Material for this exercise below:

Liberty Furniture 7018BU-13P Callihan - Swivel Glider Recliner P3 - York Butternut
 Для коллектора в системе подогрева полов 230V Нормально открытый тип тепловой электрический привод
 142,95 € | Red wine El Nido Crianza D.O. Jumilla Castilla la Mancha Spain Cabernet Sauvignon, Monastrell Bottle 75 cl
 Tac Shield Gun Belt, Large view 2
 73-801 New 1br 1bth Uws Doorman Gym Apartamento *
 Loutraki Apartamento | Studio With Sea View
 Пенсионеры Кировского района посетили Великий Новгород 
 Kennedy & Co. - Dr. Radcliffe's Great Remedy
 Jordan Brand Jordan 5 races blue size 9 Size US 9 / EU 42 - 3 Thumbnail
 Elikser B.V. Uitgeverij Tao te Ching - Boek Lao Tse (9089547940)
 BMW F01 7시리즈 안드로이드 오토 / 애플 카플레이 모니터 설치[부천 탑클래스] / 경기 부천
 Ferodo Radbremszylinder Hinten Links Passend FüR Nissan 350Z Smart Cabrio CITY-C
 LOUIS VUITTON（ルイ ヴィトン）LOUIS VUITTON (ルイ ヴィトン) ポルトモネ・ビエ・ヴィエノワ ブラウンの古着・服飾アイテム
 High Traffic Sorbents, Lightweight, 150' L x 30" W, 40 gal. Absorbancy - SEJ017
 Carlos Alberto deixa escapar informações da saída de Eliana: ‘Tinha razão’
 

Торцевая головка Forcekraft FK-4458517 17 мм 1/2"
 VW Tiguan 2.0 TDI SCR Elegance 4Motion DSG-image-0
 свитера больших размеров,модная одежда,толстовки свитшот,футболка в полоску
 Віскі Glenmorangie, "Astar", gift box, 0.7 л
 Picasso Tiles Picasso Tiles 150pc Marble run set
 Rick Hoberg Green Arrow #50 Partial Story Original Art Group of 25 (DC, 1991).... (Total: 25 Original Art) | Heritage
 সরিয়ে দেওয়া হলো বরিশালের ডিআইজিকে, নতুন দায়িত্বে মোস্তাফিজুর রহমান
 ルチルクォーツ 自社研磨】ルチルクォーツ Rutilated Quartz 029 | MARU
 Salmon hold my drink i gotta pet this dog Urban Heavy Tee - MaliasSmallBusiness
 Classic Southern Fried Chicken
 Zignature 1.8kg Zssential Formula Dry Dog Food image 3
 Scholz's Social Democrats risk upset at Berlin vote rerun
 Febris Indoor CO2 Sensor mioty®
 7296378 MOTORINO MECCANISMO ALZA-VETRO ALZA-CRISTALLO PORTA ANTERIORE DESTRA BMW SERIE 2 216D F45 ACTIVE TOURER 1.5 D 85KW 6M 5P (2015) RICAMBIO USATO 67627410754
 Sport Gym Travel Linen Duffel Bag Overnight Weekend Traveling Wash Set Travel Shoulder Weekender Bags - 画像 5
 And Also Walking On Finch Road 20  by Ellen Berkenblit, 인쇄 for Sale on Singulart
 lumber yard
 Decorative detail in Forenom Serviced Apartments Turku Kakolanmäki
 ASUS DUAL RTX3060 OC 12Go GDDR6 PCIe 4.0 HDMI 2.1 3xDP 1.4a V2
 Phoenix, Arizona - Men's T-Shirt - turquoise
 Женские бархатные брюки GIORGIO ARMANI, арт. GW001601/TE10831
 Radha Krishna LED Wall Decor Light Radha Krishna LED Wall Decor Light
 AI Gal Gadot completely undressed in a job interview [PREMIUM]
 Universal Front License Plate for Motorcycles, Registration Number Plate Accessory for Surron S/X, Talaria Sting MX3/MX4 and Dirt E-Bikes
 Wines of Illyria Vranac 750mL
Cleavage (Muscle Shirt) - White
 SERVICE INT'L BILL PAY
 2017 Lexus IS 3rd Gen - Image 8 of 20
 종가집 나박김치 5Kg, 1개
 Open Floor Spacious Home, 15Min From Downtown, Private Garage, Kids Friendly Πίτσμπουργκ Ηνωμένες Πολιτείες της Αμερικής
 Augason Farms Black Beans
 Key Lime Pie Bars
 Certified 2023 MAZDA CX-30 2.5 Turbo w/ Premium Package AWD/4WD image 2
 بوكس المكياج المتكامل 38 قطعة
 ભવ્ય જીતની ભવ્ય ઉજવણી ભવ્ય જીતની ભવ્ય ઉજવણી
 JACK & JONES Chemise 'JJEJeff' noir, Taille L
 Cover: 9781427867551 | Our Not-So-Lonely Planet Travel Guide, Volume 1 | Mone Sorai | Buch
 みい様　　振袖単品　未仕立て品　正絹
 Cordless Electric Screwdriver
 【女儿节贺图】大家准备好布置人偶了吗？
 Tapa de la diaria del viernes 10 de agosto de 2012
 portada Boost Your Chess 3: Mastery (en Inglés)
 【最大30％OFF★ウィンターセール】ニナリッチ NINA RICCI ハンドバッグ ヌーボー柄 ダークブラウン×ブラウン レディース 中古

End of Material for this exercise.

**What the task requires:**
The response must contain every entry, each one identical to the original.

**Worked solution:**
Liberty Furniture 7018BU-13P Callihan - Swivel Glider Recliner P3 - York Butternut
 Для коллектора в системе подогрева полов 230V Нормально открытый тип тепловой электрический привод
 142,95 € | Red wine El Nido Crianza D.O. Jumilla Castilla la Mancha Spain Cabernet Sauvignon, Monastrell Bottle 75 cl
 Tac Shield Gun Belt, Large view 2
 73-801 New 1br 1bth Uws Doorman Gym Apartamento *
 Loutraki Apartamento | Studio With Sea View
 Пенсионеры Кировского района посетили Великий Новгород 
 Kennedy & Co. - Dr. Radcliffe's Great Remedy
 Jordan Brand Jordan 5 races blue size 9 Size US 9 / EU 42 - 3 Thumbnail
 Elikser B.V. Uitgeverij Tao te Ching - Boek Lao Tse (9089547940)
 BMW F01 7시리즈 안드로이드 오토 / 애플 카플레이 모니터 설치[부천 탑클래스] / 경기 부천
 Ferodo Radbremszylinder Hinten Links Passend FüR Nissan 350Z Smart Cabrio CITY-C
 LOUIS VUITTON（ルイ ヴィトン）LOUIS VUITTON (ルイ ヴィトン) ポルトモネ・ビエ・ヴィエノワ ブラウンの古着・服飾アイテム
 High Traffic Sorbents, Lightweight, 150' L x 30" W, 40 gal. Absorbancy - SEJ017
 Carlos Alberto deixa escapar informações da saída de Eliana: ‘Tinha razão’
 

Торцевая головка Forcekraft FK-4458517 17 мм 1/2"
 VW Tiguan 2.0 TDI SCR Elegance 4Motion DSG-image-0
 свитера больших размеров,модная одежда,толстовки свитшот,футболка в полоску
 Віскі Glenmorangie, "Astar", gift box, 0.7 л
 Picasso Tiles Picasso Tiles 150pc Marble run set
 Rick Hoberg Green Arrow #50 Partial Story Original Art Group of 25 (DC, 1991).... (Total: 25 Original Art) | Heritage
 সরিয়ে দেওয়া হলো বরিশালের ডিআইজিকে, নতুন দায়িত্বে মোস্তাফিজুর রহমান
 ルチルクォーツ 自社研磨】ルチルクォーツ Rutilated Quartz 029 | MARU
 Salmon hold my drink i gotta pet this dog Urban Heavy Tee - MaliasSmallBusiness
 Classic Southern Fried Chicken
 Zignature 1.8kg Zssential Formula Dry Dog Food image 3
 Scholz's Social Democrats risk upset at Berlin vote rerun
 Febris Indoor CO2 Sensor mioty®
 7296378 MOTORINO MECCANISMO ALZA-VETRO ALZA-CRISTALLO PORTA ANTERIORE DESTRA BMW SERIE 2 216D F45 ACTIVE TOURER 1.5 D 85KW 6M 5P (2015) RICAMBIO USATO 67627410754
 Sport Gym Travel Linen Duffel Bag Overnight Weekend Traveling Wash Set Travel Shoulder Weekender Bags - 画像 5
 And Also Walking On Finch Road 20  by Ellen Berkenblit, 인쇄 for Sale on Singulart
 lumber yard
 Decorative detail in Forenom Serviced Apartments Turku Kakolanmäki
 ASUS DUAL RTX3060 OC 12Go GDDR6 PCIe 4.0 HDMI 2.1 3xDP 1.4a V2
 Phoenix, Arizona - Men's T-Shirt - turquoise
 Женские бархатные брюки GIORGIO ARMANI, арт. GW001601/TE10831
 Radha Krishna LED Wall Decor Light Radha Krishna LED Wall Decor Light
 AI Gal Gadot completely undressed in a job interview [PREMIUM]
 Universal Front License Plate for Motorcycles, Registration Number Plate Accessory for Surron S/X, Talaria Sting MX3/MX4 and Dirt E-Bikes
 Wines of Illyria Vranac 750mL
Cleavage (Muscle Shirt) - White
 SERVICE INT'L BILL PAY
 2017 Lexus IS 3rd Gen - Image 8 of 20
 종가집 나박김치 5Kg, 1개
 Open Floor Spacious Home, 15Min From Downtown, Private Garage, Kids Friendly Πίτσμπουργκ Ηνωμένες Πολιτείες της Αμερικής
 Augason Farms Black Beans
 Key Lime Pie Bars
 Certified 2023 MAZDA CX-30 2.5 Turbo w/ Premium Package AWD/4WD image 2
 بوكس المكياج المتكامل 38 قطعة
 ભવ્ય જીતની ભવ્ય ઉજવણી ભવ્ય જીતની ભવ્ય ઉજવણી
 JACK & JONES Chemise 'JJEJeff' noir, Taille L
 Cover: 9781427867551 | Our Not-So-Lonely Planet Travel Guide, Volume 1 | Mone Sorai | Buch
 みい様　　振袖単品　未仕立て品　正絹
 Cordless Electric Screwdriver
 【女儿节贺图】大家准备好布置人偶了吗？
 Tapa de la diaria del viernes 10 de agosto de 2012
 portada Boost Your Chess 3: Mastery (en Inglés)
 【最大30％OFF★ウィンターセール】ニナリッチ NINA RICCI ハンドバッグ ヌーボー柄 ダークブラウン×ブラウン レディース 中古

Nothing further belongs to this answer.